About this exercise
Below are the records; give again exactly the line with "- Tiếp xúc phóng xạ", the line with "Psoriasis and psoriatic", and each line that lies between them, and nothing besides.

Stored entries
++++++
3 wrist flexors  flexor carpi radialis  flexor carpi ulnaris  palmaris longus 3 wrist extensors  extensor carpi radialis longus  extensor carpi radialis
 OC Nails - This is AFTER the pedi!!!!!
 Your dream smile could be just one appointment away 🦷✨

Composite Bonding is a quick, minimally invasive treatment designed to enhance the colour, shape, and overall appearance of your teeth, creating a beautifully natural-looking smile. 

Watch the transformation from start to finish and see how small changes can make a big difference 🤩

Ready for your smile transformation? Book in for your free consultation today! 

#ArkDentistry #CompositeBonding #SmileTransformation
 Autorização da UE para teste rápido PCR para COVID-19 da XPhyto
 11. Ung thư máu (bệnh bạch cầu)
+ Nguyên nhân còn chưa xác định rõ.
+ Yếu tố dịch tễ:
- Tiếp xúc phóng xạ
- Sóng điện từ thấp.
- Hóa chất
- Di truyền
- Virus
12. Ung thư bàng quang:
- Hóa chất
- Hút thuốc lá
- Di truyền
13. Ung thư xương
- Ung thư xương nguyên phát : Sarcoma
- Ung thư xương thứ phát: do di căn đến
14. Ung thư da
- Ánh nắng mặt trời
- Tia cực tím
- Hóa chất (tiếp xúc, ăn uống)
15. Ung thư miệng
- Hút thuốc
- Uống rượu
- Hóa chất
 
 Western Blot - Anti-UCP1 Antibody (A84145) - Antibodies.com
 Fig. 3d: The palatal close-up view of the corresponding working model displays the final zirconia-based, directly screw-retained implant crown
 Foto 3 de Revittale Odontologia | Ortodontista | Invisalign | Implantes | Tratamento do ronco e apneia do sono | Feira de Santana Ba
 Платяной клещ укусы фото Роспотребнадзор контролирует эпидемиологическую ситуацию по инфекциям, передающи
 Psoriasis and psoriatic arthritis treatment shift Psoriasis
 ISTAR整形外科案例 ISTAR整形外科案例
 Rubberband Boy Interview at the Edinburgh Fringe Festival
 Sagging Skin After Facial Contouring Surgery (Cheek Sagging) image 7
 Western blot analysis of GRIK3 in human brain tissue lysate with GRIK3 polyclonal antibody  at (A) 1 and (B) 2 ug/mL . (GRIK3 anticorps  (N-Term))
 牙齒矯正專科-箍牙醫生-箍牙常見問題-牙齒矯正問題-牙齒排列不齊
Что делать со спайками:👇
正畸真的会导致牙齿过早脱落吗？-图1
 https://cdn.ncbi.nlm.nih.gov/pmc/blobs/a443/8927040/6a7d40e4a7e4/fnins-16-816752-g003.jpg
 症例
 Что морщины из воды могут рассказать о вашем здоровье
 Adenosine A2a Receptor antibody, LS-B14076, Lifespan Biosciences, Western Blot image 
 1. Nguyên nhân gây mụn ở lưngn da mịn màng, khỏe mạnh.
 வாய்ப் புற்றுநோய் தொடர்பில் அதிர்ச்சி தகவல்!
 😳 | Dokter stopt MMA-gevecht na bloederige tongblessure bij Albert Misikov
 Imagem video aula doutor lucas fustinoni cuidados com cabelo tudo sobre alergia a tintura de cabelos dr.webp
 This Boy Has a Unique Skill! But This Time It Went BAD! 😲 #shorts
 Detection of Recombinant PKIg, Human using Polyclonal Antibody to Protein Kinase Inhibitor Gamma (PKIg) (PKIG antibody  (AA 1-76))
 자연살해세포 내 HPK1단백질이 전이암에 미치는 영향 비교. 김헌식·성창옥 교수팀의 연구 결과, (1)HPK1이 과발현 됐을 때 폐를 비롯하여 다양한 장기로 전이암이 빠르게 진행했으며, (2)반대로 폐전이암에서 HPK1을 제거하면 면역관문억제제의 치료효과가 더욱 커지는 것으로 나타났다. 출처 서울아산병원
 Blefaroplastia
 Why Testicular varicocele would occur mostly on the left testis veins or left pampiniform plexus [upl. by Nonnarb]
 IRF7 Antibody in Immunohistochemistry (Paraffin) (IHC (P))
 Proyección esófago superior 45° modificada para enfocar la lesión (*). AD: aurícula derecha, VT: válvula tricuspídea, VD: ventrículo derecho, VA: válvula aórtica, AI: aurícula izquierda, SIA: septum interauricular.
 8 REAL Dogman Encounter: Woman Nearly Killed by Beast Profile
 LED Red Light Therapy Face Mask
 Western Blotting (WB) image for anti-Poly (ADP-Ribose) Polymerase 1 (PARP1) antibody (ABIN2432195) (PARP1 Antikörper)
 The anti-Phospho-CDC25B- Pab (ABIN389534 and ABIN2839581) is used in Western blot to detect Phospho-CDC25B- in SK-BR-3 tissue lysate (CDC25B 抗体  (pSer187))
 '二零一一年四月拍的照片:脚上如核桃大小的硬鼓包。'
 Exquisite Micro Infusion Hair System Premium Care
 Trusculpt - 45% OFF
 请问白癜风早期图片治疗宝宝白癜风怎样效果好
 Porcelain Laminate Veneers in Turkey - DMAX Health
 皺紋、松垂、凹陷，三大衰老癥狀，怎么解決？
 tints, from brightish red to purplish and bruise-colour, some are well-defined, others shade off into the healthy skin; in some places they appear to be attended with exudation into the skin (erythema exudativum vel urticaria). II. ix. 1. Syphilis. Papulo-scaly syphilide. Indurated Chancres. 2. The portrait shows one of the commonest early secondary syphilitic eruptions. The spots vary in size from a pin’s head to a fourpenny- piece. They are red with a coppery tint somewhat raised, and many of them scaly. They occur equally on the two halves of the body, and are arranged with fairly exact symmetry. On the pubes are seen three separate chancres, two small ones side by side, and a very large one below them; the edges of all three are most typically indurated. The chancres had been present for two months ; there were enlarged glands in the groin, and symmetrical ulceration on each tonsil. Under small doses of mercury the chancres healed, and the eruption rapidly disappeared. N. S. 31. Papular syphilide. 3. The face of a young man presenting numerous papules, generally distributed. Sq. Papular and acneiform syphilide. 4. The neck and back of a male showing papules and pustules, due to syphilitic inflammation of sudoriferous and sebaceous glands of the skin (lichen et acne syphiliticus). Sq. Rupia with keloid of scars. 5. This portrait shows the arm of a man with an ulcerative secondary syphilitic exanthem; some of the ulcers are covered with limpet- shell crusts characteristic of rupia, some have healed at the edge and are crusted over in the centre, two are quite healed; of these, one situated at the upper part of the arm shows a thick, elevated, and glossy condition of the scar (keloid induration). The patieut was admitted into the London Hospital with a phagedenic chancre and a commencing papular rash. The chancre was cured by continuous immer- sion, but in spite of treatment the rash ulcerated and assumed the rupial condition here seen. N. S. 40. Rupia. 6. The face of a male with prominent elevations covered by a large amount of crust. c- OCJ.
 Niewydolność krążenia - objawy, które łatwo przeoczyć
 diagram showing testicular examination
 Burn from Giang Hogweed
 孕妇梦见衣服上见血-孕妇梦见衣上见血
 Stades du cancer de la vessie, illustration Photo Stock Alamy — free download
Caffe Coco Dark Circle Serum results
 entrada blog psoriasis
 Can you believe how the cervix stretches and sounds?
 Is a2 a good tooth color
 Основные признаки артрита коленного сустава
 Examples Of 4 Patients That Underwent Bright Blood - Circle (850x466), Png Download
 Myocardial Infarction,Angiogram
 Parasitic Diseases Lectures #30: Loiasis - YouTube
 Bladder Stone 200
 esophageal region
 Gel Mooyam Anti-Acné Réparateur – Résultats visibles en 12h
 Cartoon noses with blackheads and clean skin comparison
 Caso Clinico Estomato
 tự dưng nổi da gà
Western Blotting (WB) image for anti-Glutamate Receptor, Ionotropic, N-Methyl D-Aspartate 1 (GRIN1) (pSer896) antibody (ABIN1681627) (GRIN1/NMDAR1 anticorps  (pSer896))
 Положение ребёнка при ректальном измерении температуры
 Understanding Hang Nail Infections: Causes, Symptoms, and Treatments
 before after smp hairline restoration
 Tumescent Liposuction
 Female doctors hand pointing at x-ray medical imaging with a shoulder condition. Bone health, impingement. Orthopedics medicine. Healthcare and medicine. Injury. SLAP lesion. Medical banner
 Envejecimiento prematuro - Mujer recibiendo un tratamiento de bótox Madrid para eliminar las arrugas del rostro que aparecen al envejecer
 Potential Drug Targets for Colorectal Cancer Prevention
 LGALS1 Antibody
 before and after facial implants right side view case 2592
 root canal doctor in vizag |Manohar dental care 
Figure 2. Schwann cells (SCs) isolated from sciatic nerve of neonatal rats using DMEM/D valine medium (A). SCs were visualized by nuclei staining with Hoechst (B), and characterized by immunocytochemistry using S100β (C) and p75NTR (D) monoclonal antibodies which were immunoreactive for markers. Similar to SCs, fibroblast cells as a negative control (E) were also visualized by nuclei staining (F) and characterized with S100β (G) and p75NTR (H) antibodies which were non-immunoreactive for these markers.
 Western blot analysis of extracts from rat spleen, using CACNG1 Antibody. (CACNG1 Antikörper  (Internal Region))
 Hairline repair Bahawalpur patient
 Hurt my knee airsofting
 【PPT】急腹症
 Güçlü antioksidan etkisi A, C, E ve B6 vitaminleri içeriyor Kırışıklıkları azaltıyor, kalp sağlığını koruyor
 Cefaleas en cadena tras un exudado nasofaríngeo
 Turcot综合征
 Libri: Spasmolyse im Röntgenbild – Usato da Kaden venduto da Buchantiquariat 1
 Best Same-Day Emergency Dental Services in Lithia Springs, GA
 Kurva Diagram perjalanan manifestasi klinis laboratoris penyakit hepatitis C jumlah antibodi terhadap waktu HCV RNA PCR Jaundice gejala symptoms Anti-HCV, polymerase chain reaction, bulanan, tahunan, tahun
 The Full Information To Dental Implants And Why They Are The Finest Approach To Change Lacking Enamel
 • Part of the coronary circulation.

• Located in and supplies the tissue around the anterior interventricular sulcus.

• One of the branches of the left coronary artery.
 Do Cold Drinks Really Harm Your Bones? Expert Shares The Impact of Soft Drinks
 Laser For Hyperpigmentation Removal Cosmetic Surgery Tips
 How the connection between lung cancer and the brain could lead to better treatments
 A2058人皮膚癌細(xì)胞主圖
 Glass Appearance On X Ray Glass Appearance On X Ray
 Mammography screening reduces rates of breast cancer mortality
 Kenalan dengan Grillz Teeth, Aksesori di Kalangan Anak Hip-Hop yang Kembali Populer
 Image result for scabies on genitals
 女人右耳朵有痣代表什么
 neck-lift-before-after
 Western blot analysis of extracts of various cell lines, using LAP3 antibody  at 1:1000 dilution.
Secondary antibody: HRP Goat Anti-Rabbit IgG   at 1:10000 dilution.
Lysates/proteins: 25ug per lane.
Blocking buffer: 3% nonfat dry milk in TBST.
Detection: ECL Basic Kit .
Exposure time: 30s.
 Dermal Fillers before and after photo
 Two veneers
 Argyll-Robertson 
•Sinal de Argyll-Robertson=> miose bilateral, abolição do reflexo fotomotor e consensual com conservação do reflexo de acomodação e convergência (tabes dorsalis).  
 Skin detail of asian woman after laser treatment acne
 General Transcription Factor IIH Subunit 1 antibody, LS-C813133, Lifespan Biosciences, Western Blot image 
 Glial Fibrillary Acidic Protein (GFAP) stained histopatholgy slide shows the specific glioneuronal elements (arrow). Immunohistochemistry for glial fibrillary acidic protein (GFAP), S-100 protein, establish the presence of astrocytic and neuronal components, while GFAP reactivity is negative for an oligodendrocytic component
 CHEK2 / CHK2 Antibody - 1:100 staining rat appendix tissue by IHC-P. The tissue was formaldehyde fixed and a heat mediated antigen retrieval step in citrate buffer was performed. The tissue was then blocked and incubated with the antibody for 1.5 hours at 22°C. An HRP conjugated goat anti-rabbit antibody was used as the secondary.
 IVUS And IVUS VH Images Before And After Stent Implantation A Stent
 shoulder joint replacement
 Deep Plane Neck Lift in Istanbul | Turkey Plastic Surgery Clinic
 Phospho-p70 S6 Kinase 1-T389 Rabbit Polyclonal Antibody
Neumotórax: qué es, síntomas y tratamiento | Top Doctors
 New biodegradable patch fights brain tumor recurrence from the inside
++++++
Task result
- Tiếp xúc phóng xạ
- Sóng điện từ thấp.
- Hóa chất
- Di truyền
- Virus
12. Ung thư bàng quang:
- Hóa chất
- Hút thuốc lá
- Di truyền
13. Ung thư xương
- Ung thư xương nguyên phát : Sarcoma
- Ung thư xương thứ phát: do di căn đến
14. Ung thư da
- Ánh nắng mặt trời
- Tia cực tím
- Hóa chất (tiếp xúc, ăn uống)
15. Ung thư miệng
- Hút thuốc
- Uống rượu
- Hóa chất
 
 Western Blot - Anti-UCP1 Antibody (A84145) - Antibodies.com
 Fig. 3d: The palatal close-up view of the corresponding working model displays the final zirconia-based, directly screw-retained implant crown
 Foto 3 de Revittale Odontologia | Ortodontista | Invisalign | Implantes | Tratamento do ronco e apneia do sono | Feira de Santana Ba
 Платяной клещ укусы фото Роспотребнадзор контролирует эпидемиологическую ситуацию по инфекциям, передающи
 Psoriasis and psoriatic arthritis treatment shift Psoriasis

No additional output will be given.